A strange bug when loading image record file

This code raises error at iteration 69, fixed each time.

Actually, I have run a similar code for several times, and haven’t met this error until recently when I used a new “.rec” file, which is larger than the original ones.

At the beginning, I thought the problem lies in data --raw data or generated rec file. But as I tried some different parameters, I find something really strange.

When I change batch size, the program will break down at a different iteration. (not on the same image)

When I change the "data_shape" parameter to (3, 501, 501), it will also raise an error at another different iteration.

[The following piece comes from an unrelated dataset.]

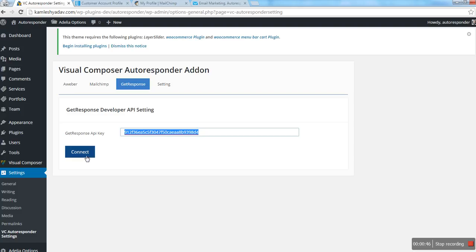Click the Connect button. In this way, you will be able to integrate any of the autoresponders with this Visual Composer add-on.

If I let it sleep for one second each iteration, it will break down at another iteration.

Now I believe the problem must lie in the mx.io.ImageRecordIter itself. Does anyone have idea about this strange thing?

without sleep:

with sleep:

Hi @igloooo,

I suspect it is the same image causing you the issues here. And it looks like that a smaller image has been included in your RecordIO file. What’s different about this RecordIO file, versus the ones you were using before? Some new images? A different kind of pre-processing? You should check the dimensions of your input images before being packaged in RecordIO format.

Given the ImageRecordIter is running in the background in C++, there won’t be a direct correspondence between your Python loop and the actual file being processed. You could set the environment variable MXNET_ENGINE_TYPE=NaiveEngine (just for debugging purposes) to get a better idea of which image could be causing an issue. And also the batch_size will change the loop you’d expect the error to occur on to some extent.